Of the 28 draft national energy and climate plans submitted by EU member states, not a single one is on a pathway to reach net-zero emission by 2050, according to a fresh analysis published on Thursday (16 May).
Spain is the only EU country holding its head above water, scoring 52% across a range of indicators comprising the overall carbon reduction goal, the level of detail of proposed policy measures and the inclusiveness of the drafting process.
All the other plans score below 50%, according to the study commissioned by the European Climate Foundation and conducted by the Ecologic Institute in Germany and Climact, a Belgium-based engineering consultancy.
After Spain, France comes second, with 47%, followed by Greece (44%) and Sweden (43%). The Slovenian climate plan comes in last with a score of 3%, while Slovakia (12%) and Germany (12%) hardly fare better. The average score for the EU as a whole is 29%.
While the analysis shows that countries are taking steps towards climate action by 2030, “they do not yet live up to the ambitions set by EU legislators and the Paris Agreement,” the study says.
“Our work shows that the EU member states are clearly not in line with a net-zero 2050 trajectory or any of the scientific findings of the IPCC 1.5C Report,” said Julien Pestiaux of Climact, one of the authors of the study.
“With a few notable exceptions, they also show low ambition when it comes to concretely reaching their renewables and energy efficiency targets and fall short of properly supporting the climate and energy transition required in Europe,” Pestiaux said.
Frequent issues include overly timid steps to phase out coal and fossil fuel subsidies, insufficient indications on investments in clean technologies, over-reliance on unsustainable biomass, and inadequate public consultation.
There was also a general lack of explicit effort to back-cast plans from the EU’s 2050 carbon neutrality goal, the analysis found.
“Europe has a clear target: 32% renewable energy by 2030,” said Viktoriya Kerelska, head of advocacy at WindEurope, a trade association. But while the draft national energy and climate plans are supposed to translate this ambition into reality, “none of them give enough detail on the policy measures” that will be implemented to achieve those goals, she warned.
“Without the details, the plans just aren’t meaningful,” Kerelska said, calling on national governments to tell the industry when renewable energy auctions are happening, how permitting will be made easier, or how heating and transport will be decarbonised.

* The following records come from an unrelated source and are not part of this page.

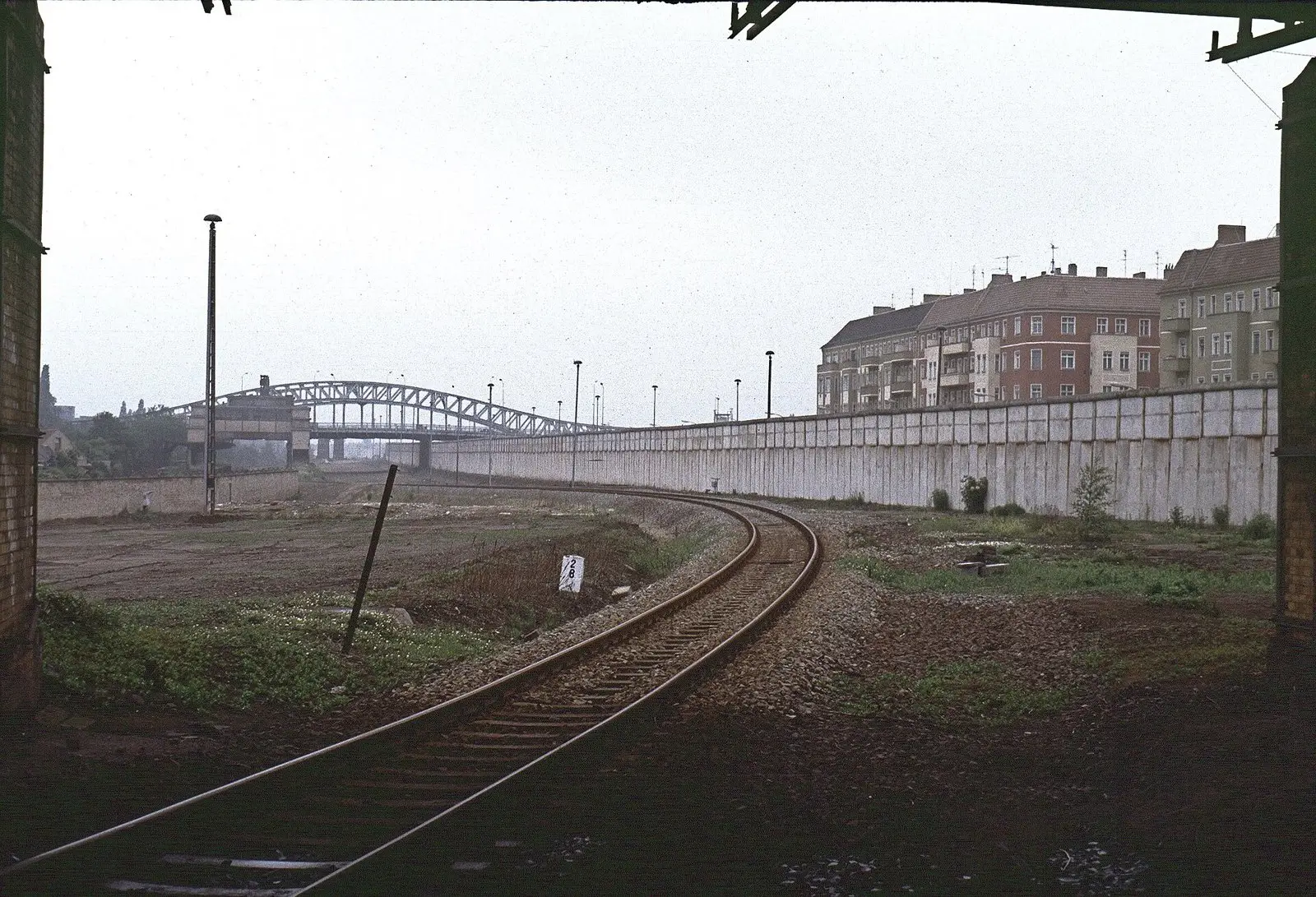 Colour photograph of a single railway track curving between a grassy strip and a long white concrete wall towards a steel arch bridge; apartment buildings stand behind the wall on the right.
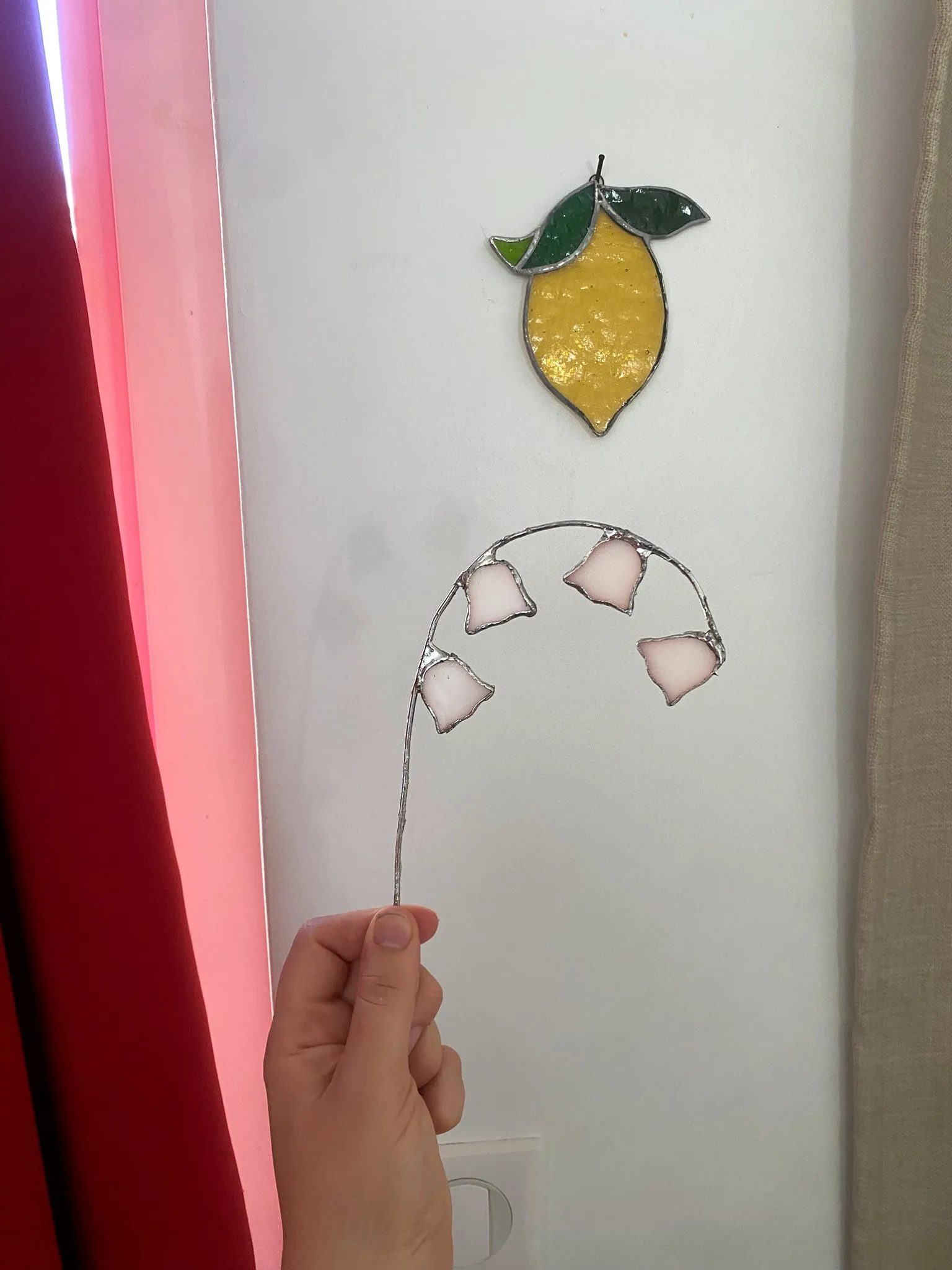 Le citron et le muguet en vitrail suspendus devant une fenêtre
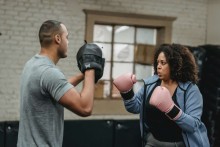 Obese woman in boxing session with her trainer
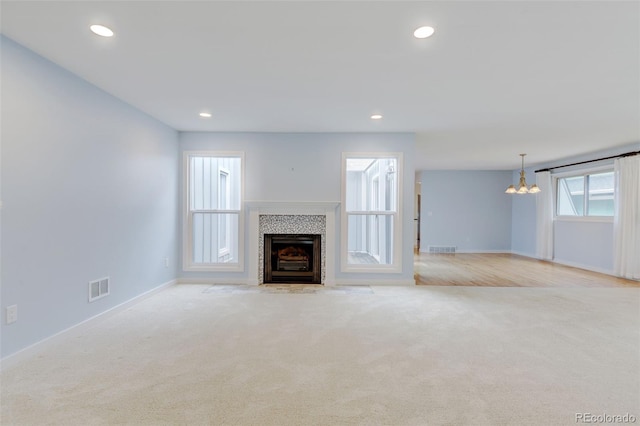 20 Scott Dr, Broomfield, CO 80020 - unfurnished living room featuring a chandelier, carpet flooring, a tile fireplace, baseboards, and recessed lighting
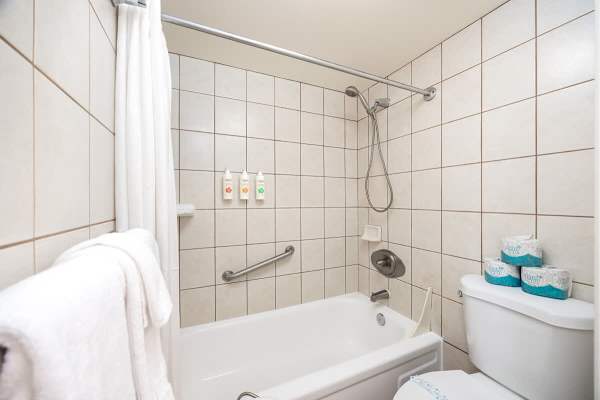 Refresh and rejuvenate in your bathroom, featuring a convenient shower/tub combo and complimentary toiletries for a hassle-free stay.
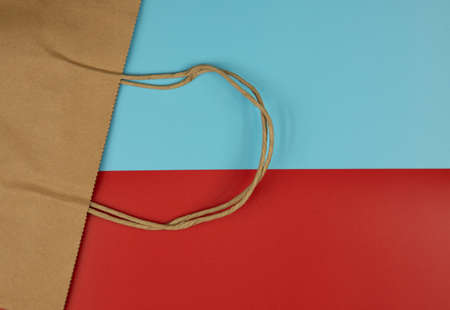 paper bag from waste paper on a red-blue background, stock photo, fluoride recycling of resources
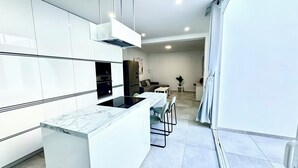 A modern kitchen with white cabinetry, a marble countertop, and a built-in oven. - The White House (Santa Lucía de Tirajana)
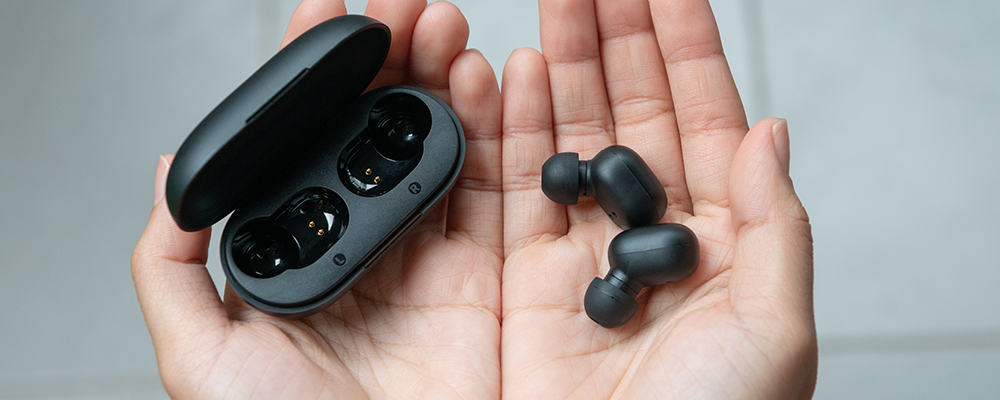 Wireless earbuds on person's hands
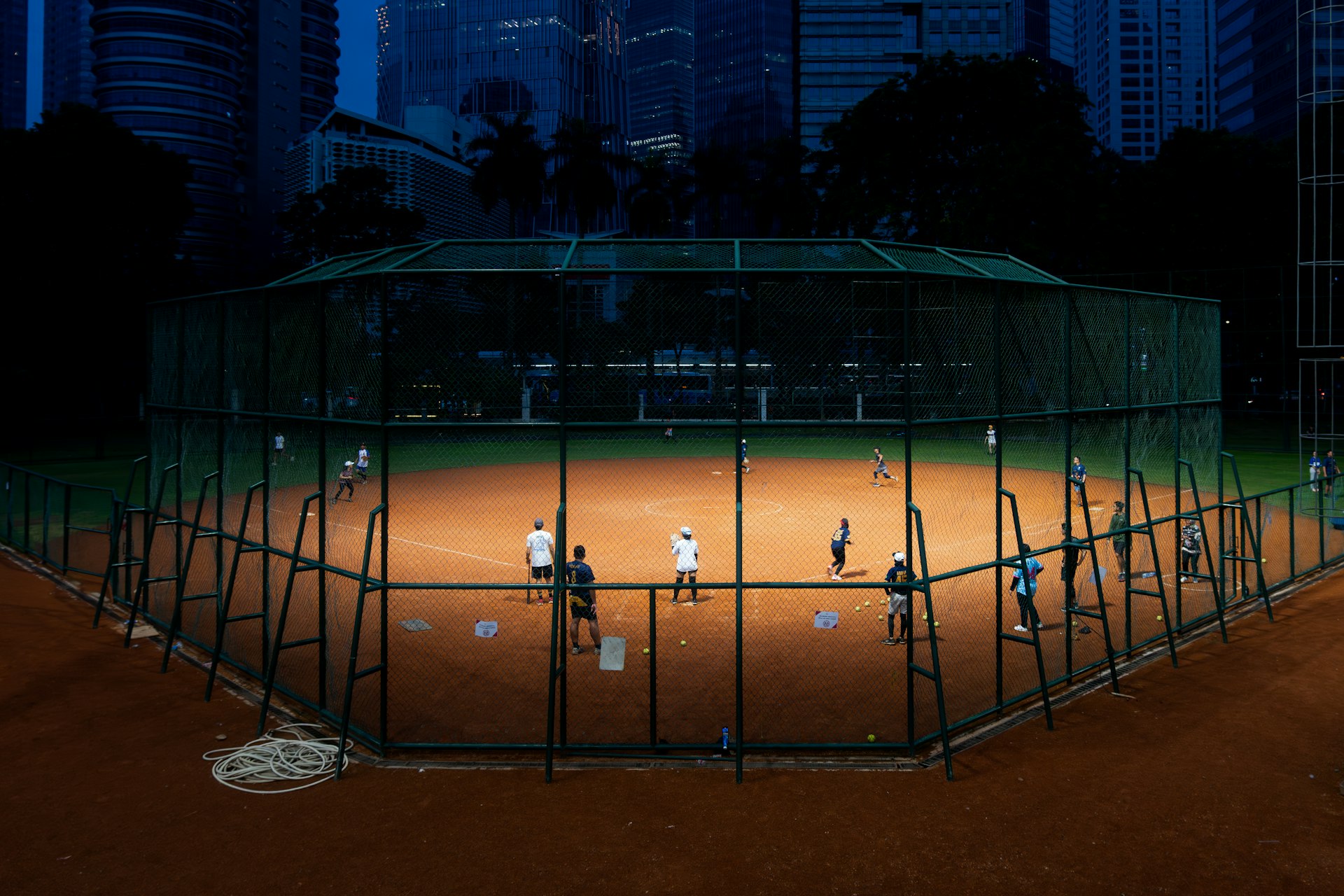 Players on a lighted softball field at night at Victory Lane Sports Park in Glendale, AZ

“This gives investors certainty to plan ahead and further reduce costs. It means jobs: building on the 300,000 people working in wind energy in Europe,” Kerelska said.
The European Commission is expected to publish an assessment of the plans in the first half of June. Brussels can suggest amendments to the draft plans, leaving EU countries time to submit a final version before the end of the year.
It is the first time that European countries go through the national planning process since the Paris Agreement was signed in 2015.